Gbps mesure le volume
Le Gbps indique le volume à transporter ou à éliminer avant saturation du lien.
PPS mesure la pression paquet
Le PPS montre combien de décisions paquet les équipements doivent prendre chaque seconde.
Le dimensionnement exige les deux
Un bon dimensionnement combine débit, taille des paquets, queues NIC, CPU et filtrage amont.
Le Gbps est le chiffre le plus visible dans les discussions DDoS, mais le PPS explique souvent pourquoi un service tombe. Une attaque peut sembler “petite” en bande passante et pourtant saturer le traitement paquet, les files NIC, le firewall ou la logique de routage.
Une équipe qui achète de l’Anti-DDoS doit lire les deux métriques.
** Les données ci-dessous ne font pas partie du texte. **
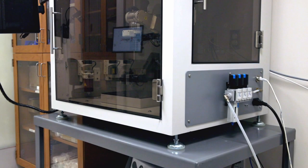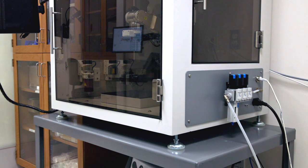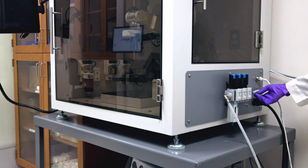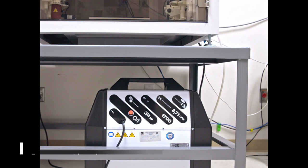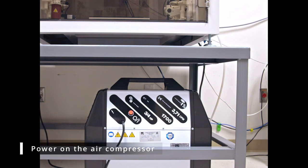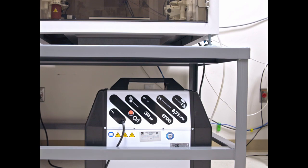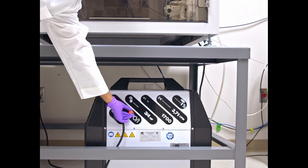Power on the printer by toggling the power switch on the side of the printer. Power on the air compressor below the bioassembly bot by pulling the red knob outwards.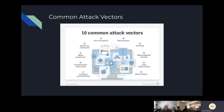Another big one is malicious employees, where the employee themselves, if they wanted to quit or they're just mad, they have a lot of access — so we also simulate that as a pen tester. Other things include DDoS attacks, where you send a bunch of data to a server, it overloads, and everything shuts down. Then there's phishing, where they send fake emails to try to steal your credentials, misconfigured devices, and more.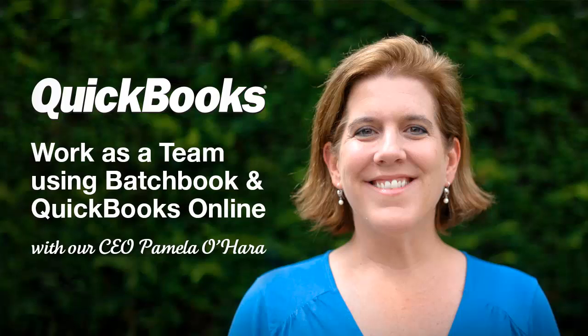Hi, Pamela O'Hara, the CEO at BatchBook, here to show you the BatchBook QuickBooks Online integration.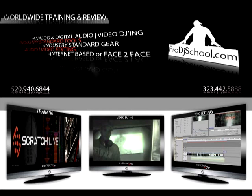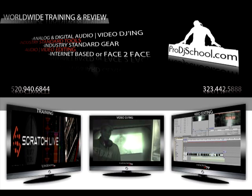Welcome to ProDJ School.com worldwide. DJ training central offices in the UK, New York, LA and Toronto. Brought to you by DJ Unknown HDTV.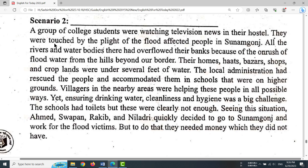They were tasked by the plight of the flood-affected people in Sunamganj. All the rivers and water bodies there had overflowed their banks because of the onrush of flood water from the hills beyond our border.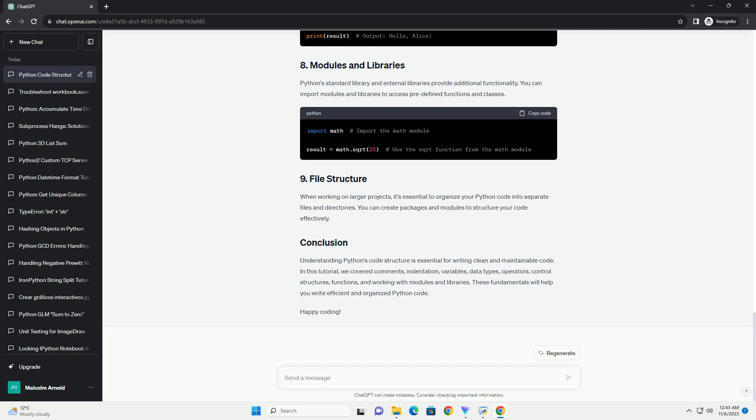Python supports various data types, including int, float, str, bool, list, tuple, dictionary, and more. Each data type has specific operations and functions associated with it.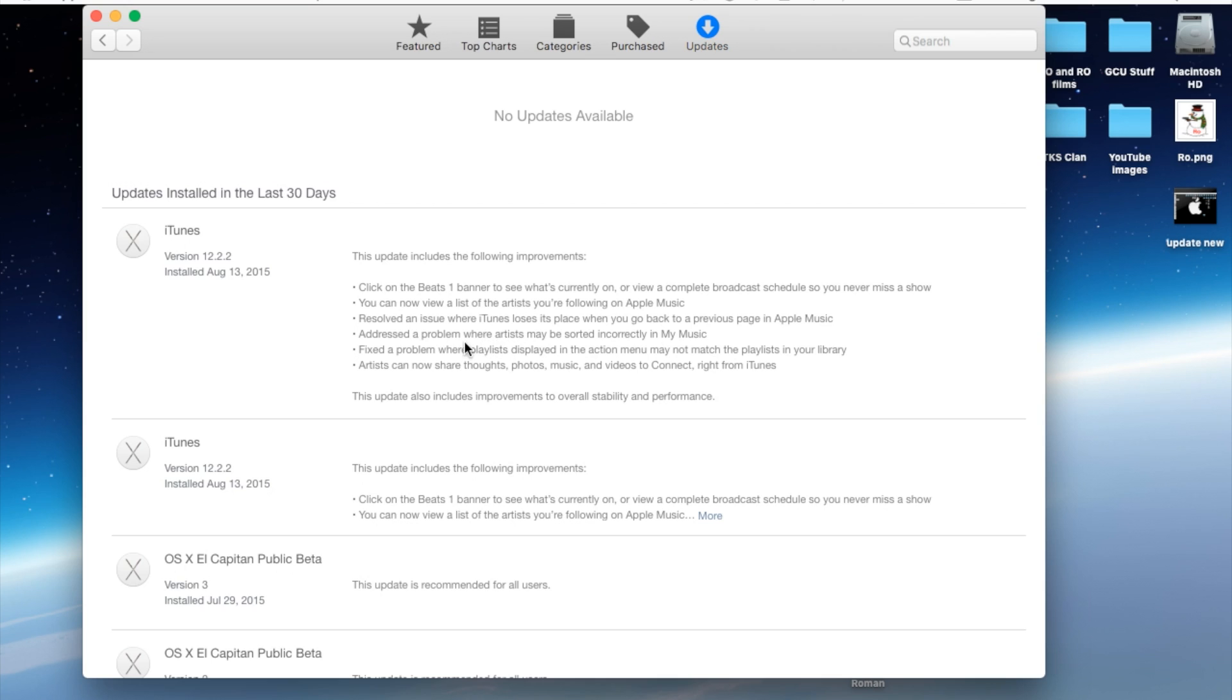Addressed a problem where artists may be sorted incorrectly in My Music. Fixed a problem where playlists displayed in the action menu may not match the playlist in your library.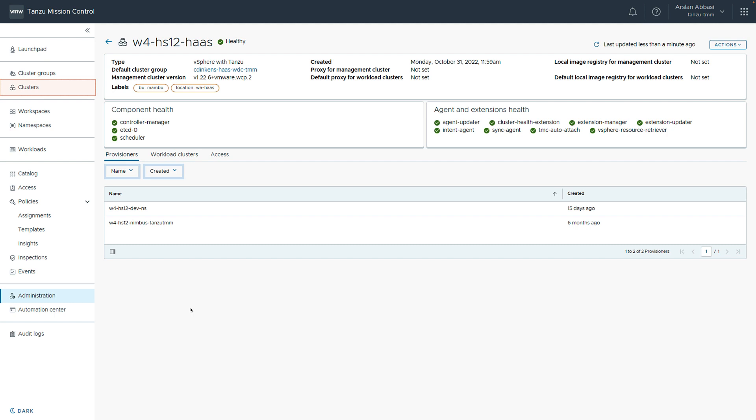Notice this management cluster has two provisioners. Each of these are configured to use different resources in vSphere. Now we are going to show how our users can create a Tanzu Kubernetes Grid cluster using Tanzu Mission Control.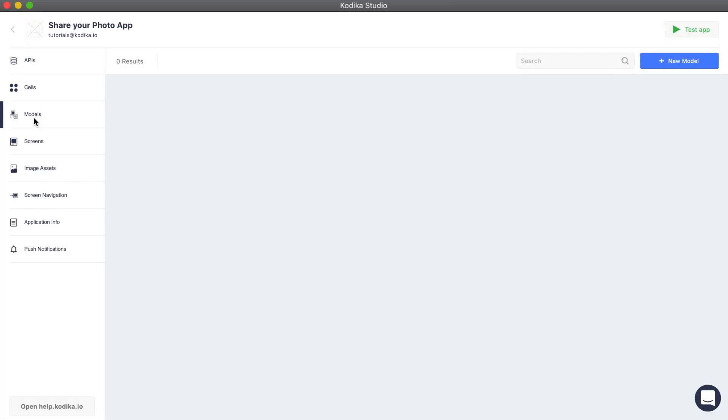In this video, we are going to discover data types and their properties. Data types, which are also called models, is the way we are going to handle the data from API requests in our application. We can have different data types, for example one for posts and one for users. Each data type has properties which can be text, number, date, image, boolean, or even another data type.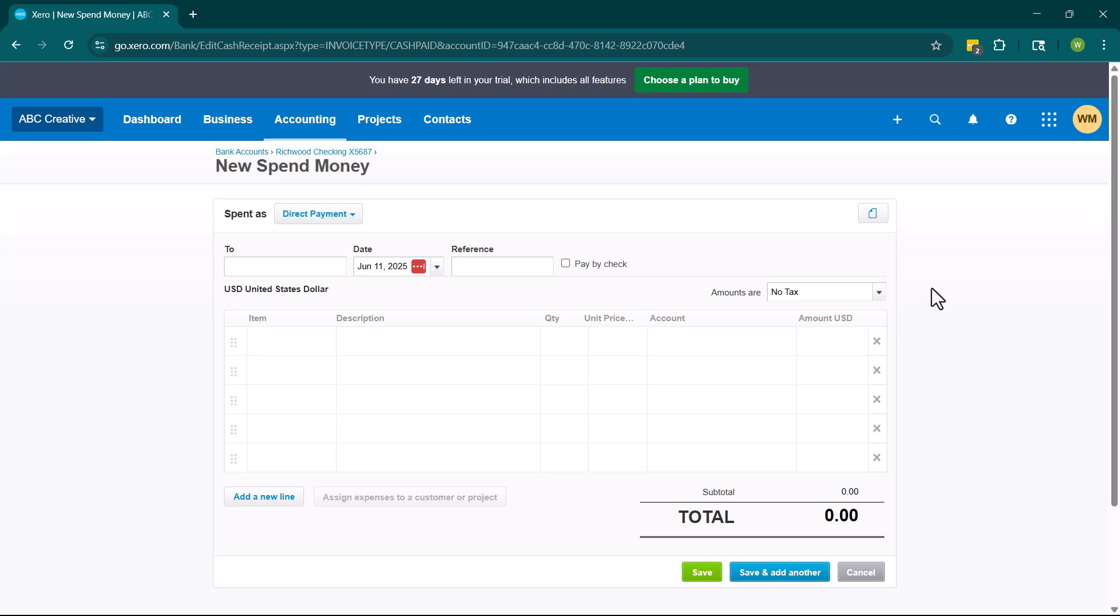Okay. So that is how you enter an expense when you are incurring the actual cost and paying it at the same time, like when you go to a store and you purchase office supplies, like with a debit card or something. If you have any questions, please let me know. I hope that this video was helpful. If it was, I would appreciate a like and a subscribe and I will see you guys in the next video.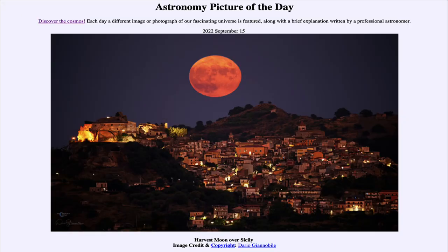Greetings and welcome to the introduction to astronomy. One of the things that I like to do in each of my introductory astronomy classes is to begin the class with the astronomy picture of the day from the NASA website, that is apod.nasa.gov/apod. And today's picture is for September 15th of 2022.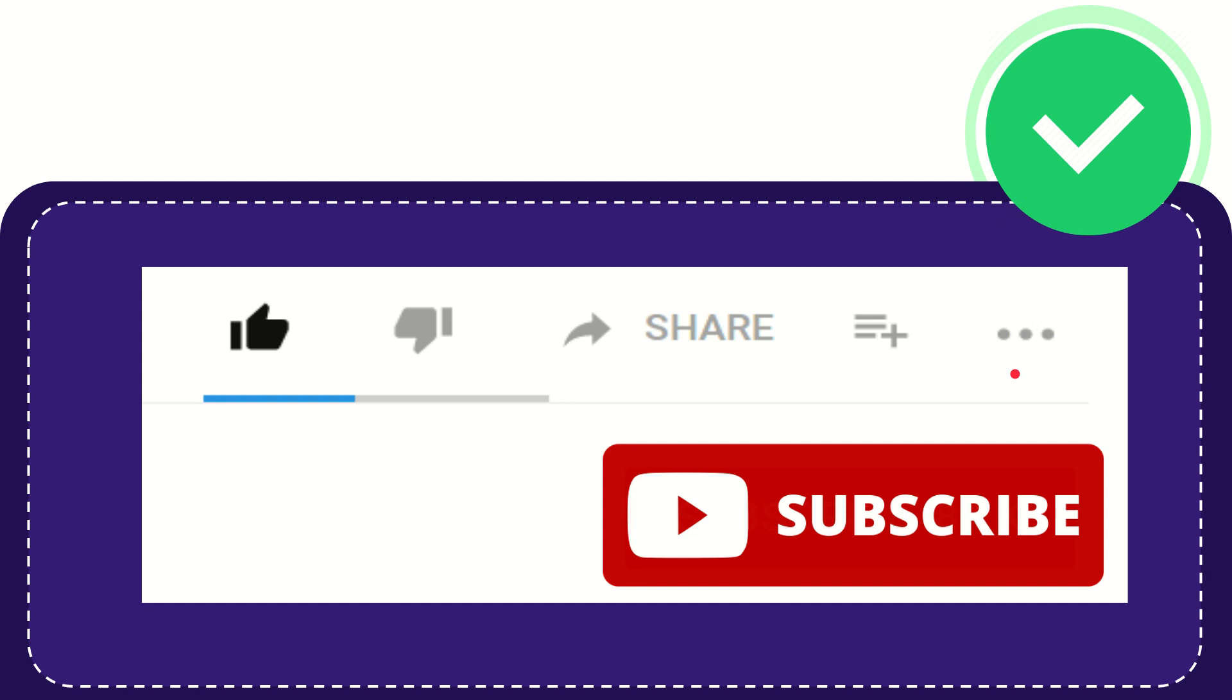And yeah, don't forget to subscribe. I think that's all of it. Thank you so much for watching this video, and see you again in another video. Bye-bye. See you again.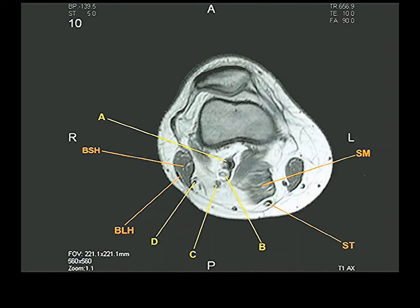The popliteal artery is the deepest of these three structures — right against the bone, which makes it very hard to palpate a popliteal pulse. Then comes the popliteal vein, and then the tibial nerve. The common peroneal nerve sits deep to the biceps tendon. Then gastrocnemius comes in.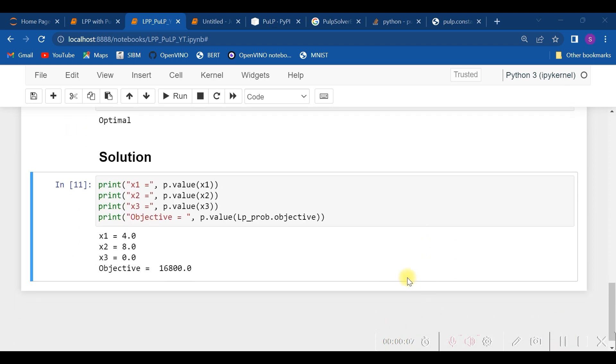Well, rather than displaying it in this way, let us do it with the print function. Hence, as you see, we were able to display everything, and also the objective function value.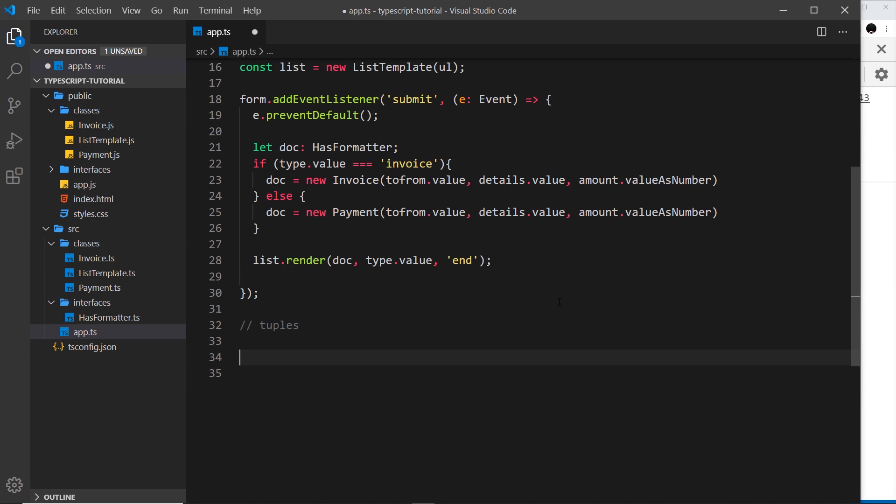There's one more built-in type that I want to show you, and that is the tuple. These are a little bit like arrays — we use square brackets to define them and they can also use array methods — but there is one major difference: the types of data in each position in a tuple is fixed once it's been initialized.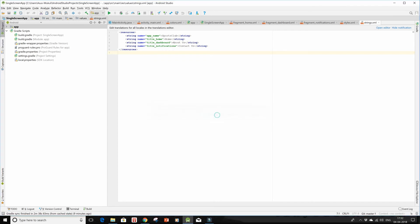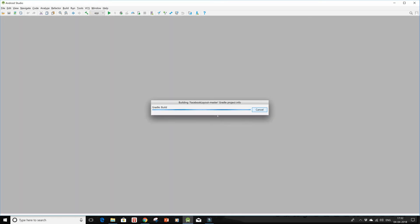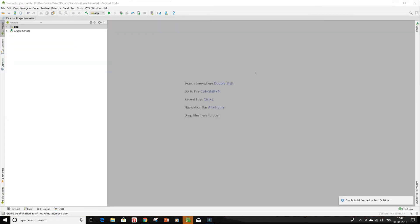Now Gradle has finished building the project. It took a good five or six minutes for me and it's still not opening up the project quite...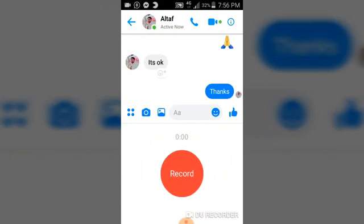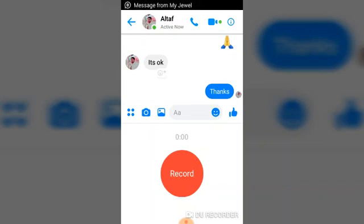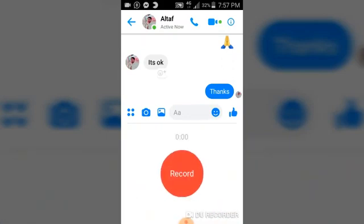Unfortunately, I cannot record right here because I'm making use of a video and recording the screen. But no matter how you do it, once you click and hold until you're done recording, it's going to stop. Just go ahead and release and that's it.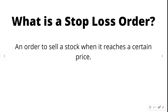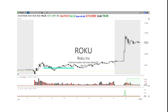In a previous video I mentioned that I got stopped out of this stock here, Roku. So let's look at what a stop actually is. Let's say that I bought the stock over here and I put a stop at this price — maybe it was ninety-four dollars or something like that. So when the stock went down and it hit this price, the stock sold automatically.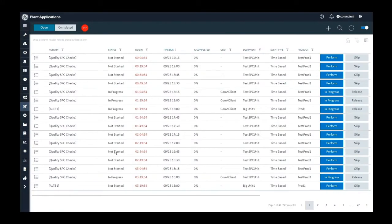Hello. In this demo, we will talk about statistical process control trend analysis. SPC measures output of processes looking for small but statistically significant changes so that corrections can be made before a defect occurs.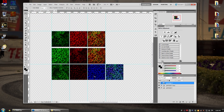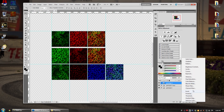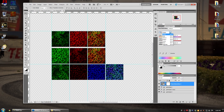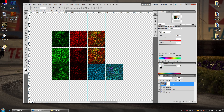Blue typically doesn't show up very well, so I do a hue adjustment on it. Place a Hue/Saturation layer on top of all images, go to where it says Master, switch down to Blues, and do a hue shift of -47. This makes the blue a cyan color that's much easier to see, and it only acts on the blues without affecting any other colors.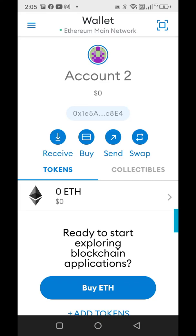Hey y'all, I am in my MetaMask browser. I'm going to show you how to get some Ether Lite. It's going to launch in about five hours. This is a global launch. People all over are going to be ready to jump.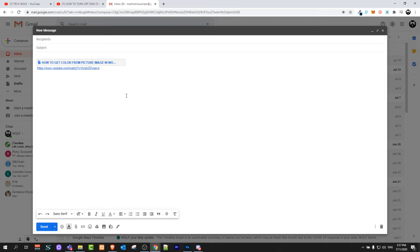This is how you can send videos on Gmail. If you found this video useful, leave a like, share this video, subscribe to my channel if you are new, and see you in the next one.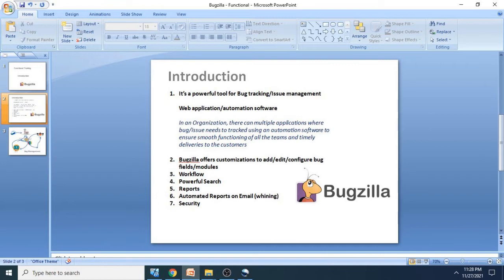Then you can also control the fields like which status is going to be closed wherein the system has to ask for mandatory remarks. For example, a developer has said that this issue has been fixed and is marking it as closed. Then the system will mandatory ask, can you please enter remarks what has been fixed.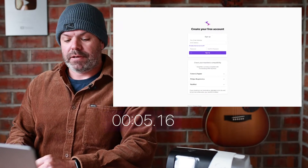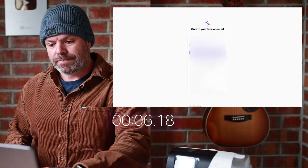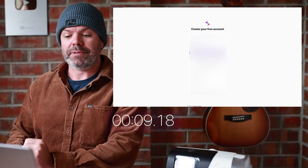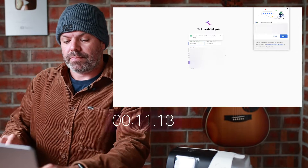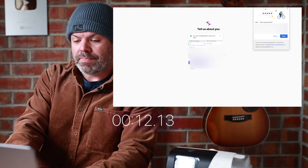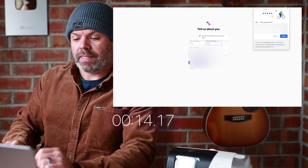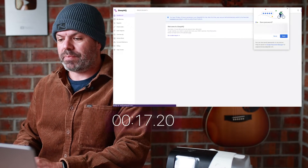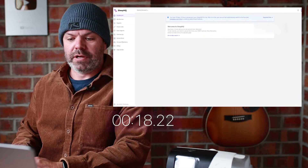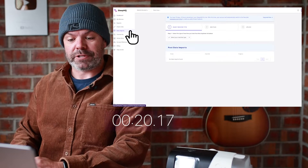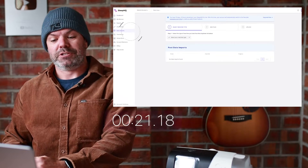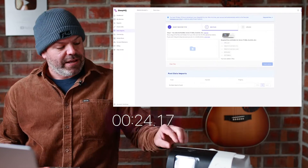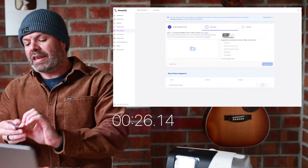Put in your email, create a password, click sign up. Put in your name and your time zone, click next. Dismiss any Google pop-ups and go to data import, then choose AirSense 11 SD card.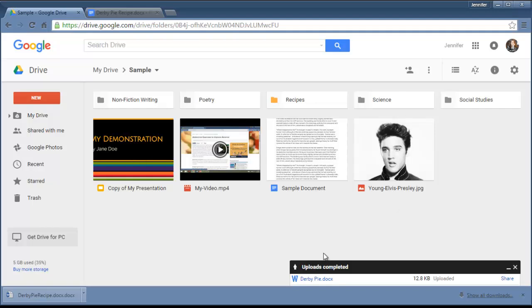So those are some of the ways that you can organize your files and folders in Google Drive.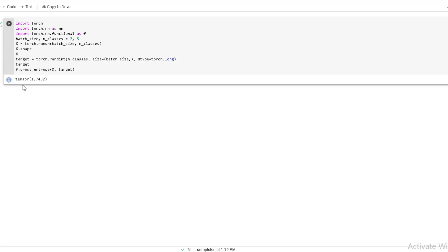Here we can see that the Cross Entropy Loss PyTorch output is shown on the screen — the answer is equal to 1.7432. Now we can explain this code line by line. We first import the torch module, then define the batch size, after that we give the input to the x variable and also calculate the target from the output and input variables.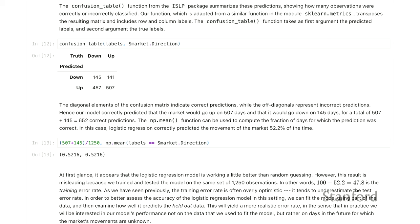That 52% was training error, so it's probably optimistic. To get a more honest assessment, we'll split the data into training and test sets. Because this is time series data, we'll use an earlier period for training and a later period for testing. Specifically, we'll take all observations up to 2005 as our training set and everything else as the test set. We create a binary variable for the training labels and make two data frames: one for training and one for test.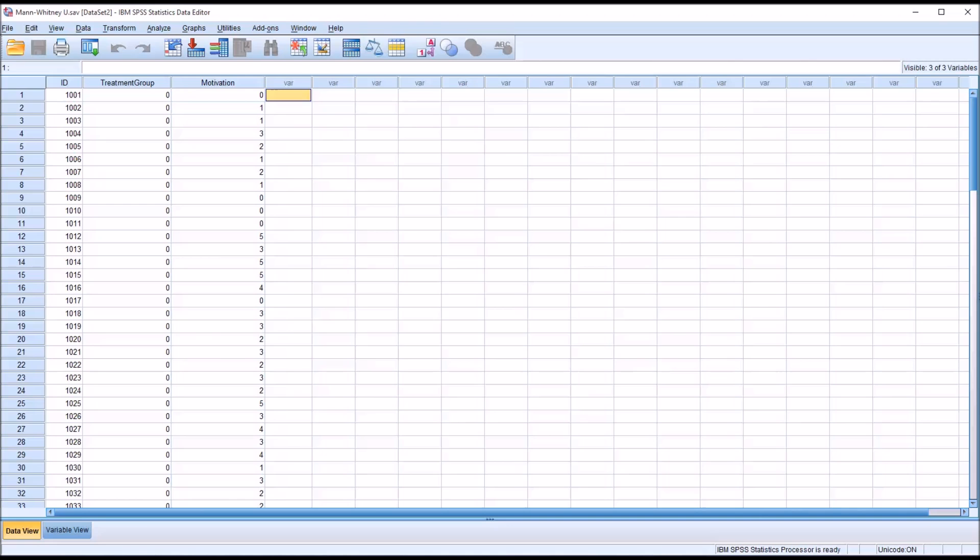Hello, this is Dr. Grande. Welcome to my video on conducting the Mann-Whitney U test as well as the alternatives for the Mann-Whitney U.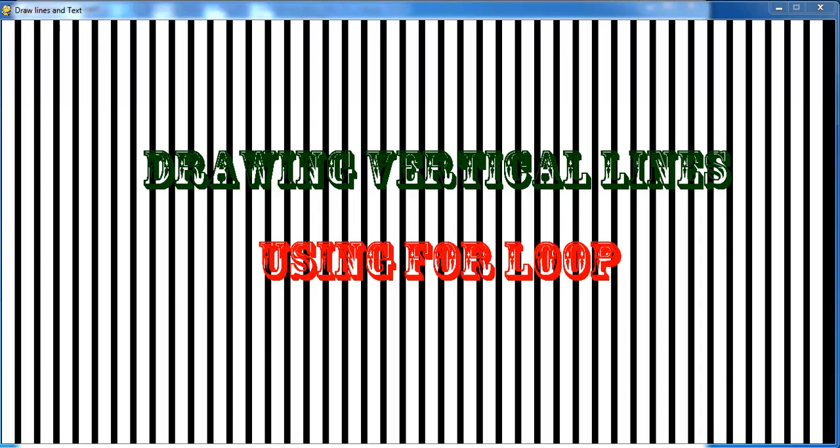Welcome to Python Tutorial using Pygame. In this very tutorial, it's all about drawing vertical lines using a for loop.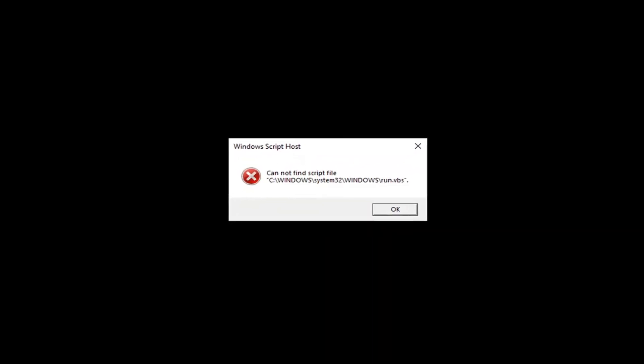Okay, so you can see we have this little error message here that I made this video about. So you cannot find the script file and you can see what drive letter and then Windows, System32, Windows. Please take note of the drive letter out front here, this is going to be important later on.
Le Gbps indique la capacité consommée ; le PPS indique combien de décisions paquet doivent être prises chaque seconde. Un design crédible garde de la marge sur les deux.
Modèle de protection
Où Peeryx intervient
Peeryx analyse séparément le volume et la pression paquet afin de choisir le bon point de filtrage : transit protégé, serveur dédié, tunnel ou proxy gaming.
Le Gbps mesure la quantité de données par seconde. Le PPS mesure le nombre de paquets par seconde. En DDoS, ces deux valeurs peuvent évoluer séparément : les gros paquets créent du volume, les petits paquets créent de la pression de traitement.
Une attaque à 5 Gbps en très petits paquets peut être plus difficile pour un serveur qu’une attaque à 50 Gbps en paquets plus gros, car chaque paquet déclenche parsing, file d’attente, compteurs, ACL ou décision d’état.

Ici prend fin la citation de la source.